[Brief descriptive captions]
=====

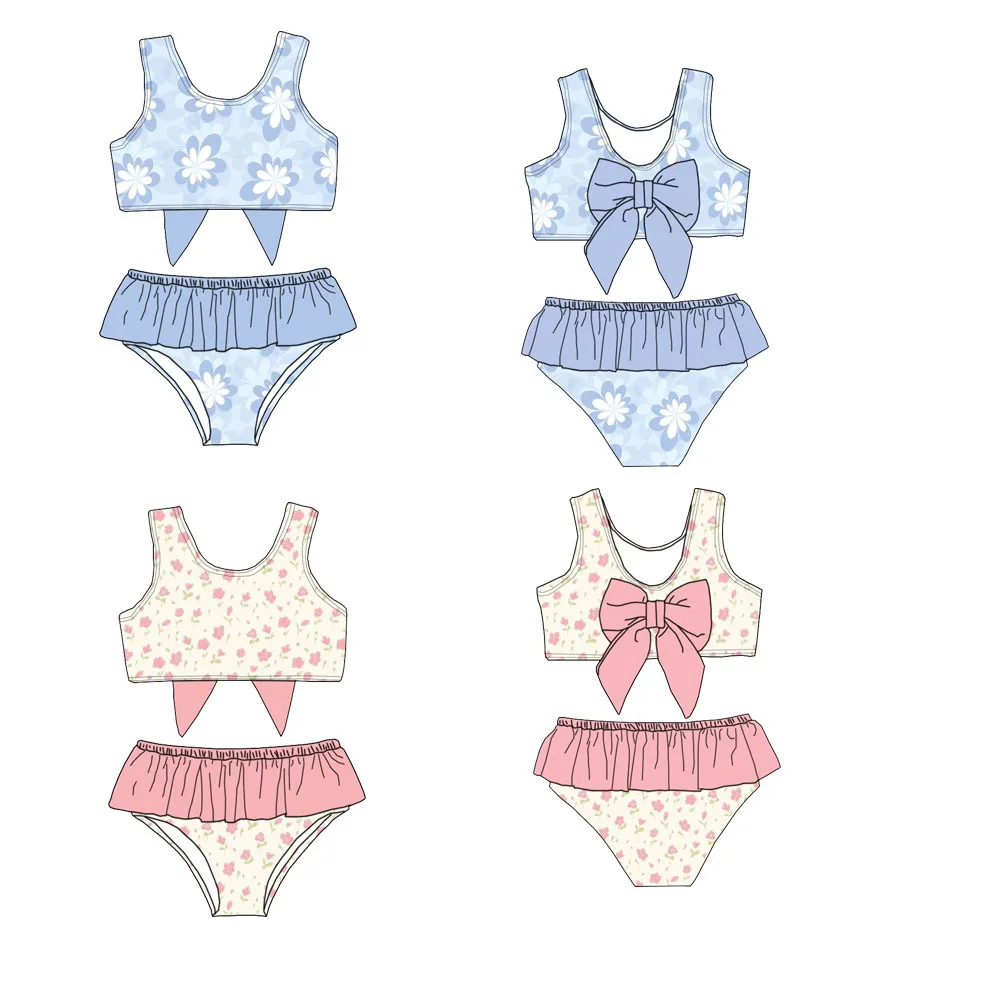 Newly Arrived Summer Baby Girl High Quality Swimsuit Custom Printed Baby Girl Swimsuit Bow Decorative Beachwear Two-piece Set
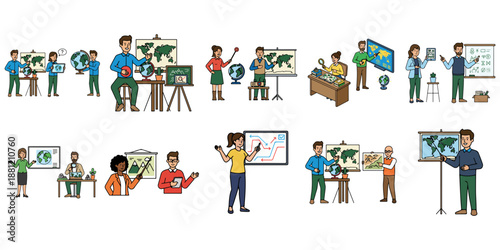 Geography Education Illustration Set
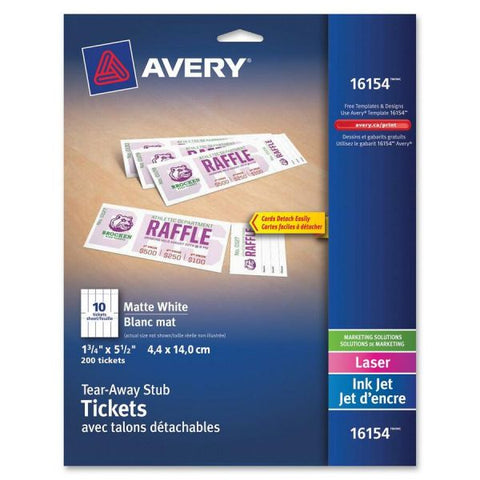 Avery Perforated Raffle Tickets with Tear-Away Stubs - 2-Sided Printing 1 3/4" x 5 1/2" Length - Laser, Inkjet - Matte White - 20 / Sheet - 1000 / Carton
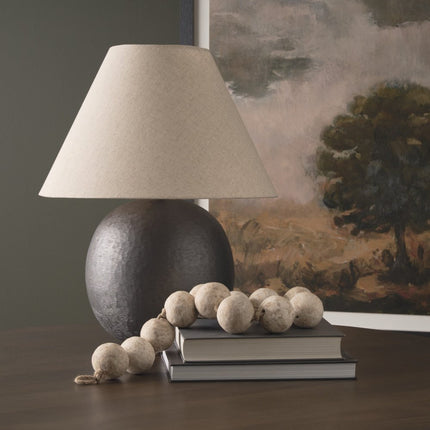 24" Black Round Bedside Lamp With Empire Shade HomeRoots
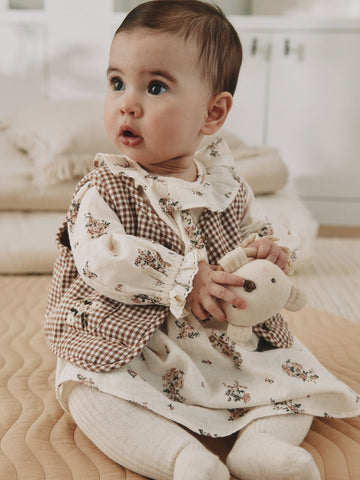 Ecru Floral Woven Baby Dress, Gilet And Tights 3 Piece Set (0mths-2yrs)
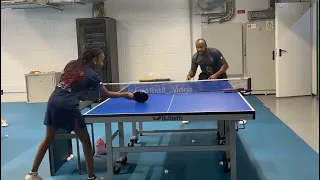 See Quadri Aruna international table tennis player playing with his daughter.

=====

> [WHAT TO DO] When a record holds a picture, leave that picture out; copy the rest verbatim.

> [THE COMPLETED TASK]
 Newly Arrived Summer Baby Girl High Quality Swimsuit Custom Printed Baby Girl Swimsuit Bow Decorative Beachwear Two-piece Set
 Geography Education Illustration Set
 Avery Perforated Raffle Tickets with Tear-Away Stubs - 2-Sided Printing 1 3/4" x 5 1/2" Length - Laser, Inkjet - Matte White - 20 / Sheet - 1000 / Carton
 24" Black Round Bedside Lamp With Empire Shade HomeRoots
 Ecru Floral Woven Baby Dress, Gilet And Tights 3 Piece Set (0mths-2yrs)
 See Quadri Aruna international table tennis player playing with his daughter.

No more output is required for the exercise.